The remarkable Volvo P1800 Cyan is a car like no other and AutoTopNL recently had the opportunity to test it out.

Cyan Racing is the official racing arm of the Geely Group and has used the original Volvo P1800 as the base for this restomod. The car is powered by a 2.0-liter turbocharged four-cylinder with 413 hp and 355 lb-ft (455 Nm) of torque that’s paired to a dog-leg five-speed manual transmission. This engine is based on the one used in the Volvo S60 TC1 race car and has actually been tested to 528 hp.

Read More: New Volvo P1800 Cyan Is A Singer-Style Restomod That Starts From $500,000

Those are some pretty remarkable figures for a four-cylinder and making the P1800 all the more impressive is the fact that it weighs just 990 kg (2,182 lbs).

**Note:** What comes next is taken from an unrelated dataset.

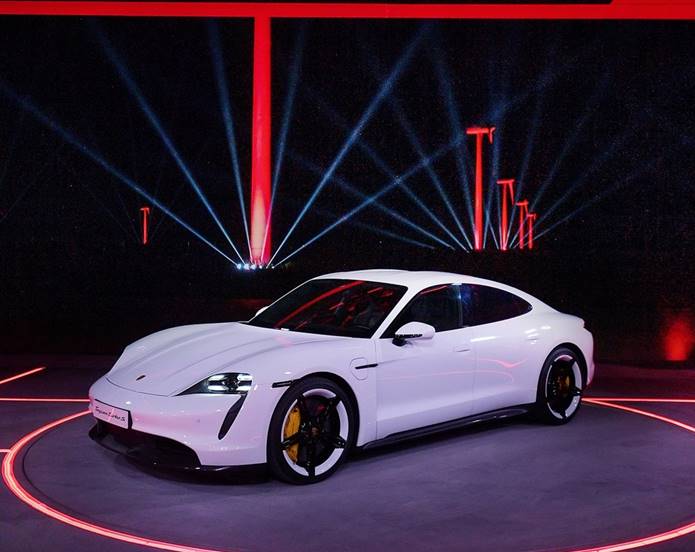 porsche taycan 2020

Consequently, it is pretty quick and during this review, sprinted from 100 km/h (62 mph) to 200 km/h (124 mph) in just 8.32 seconds.

Elsewhere, this modern-day P1800 has new bodywork, wider tracks and large wheels. Many of the parts are made from carbon fiber, including parts of the chassis that are also reinforced with high-strength steel.

Driving the car seems to be an absolute joy. While Cyan Racing could have done what some other companies are doing with classics and converted it to an all-electric powertrain, it stuck to its motorsport roots and has created something that really gets petrolheads blood pumping.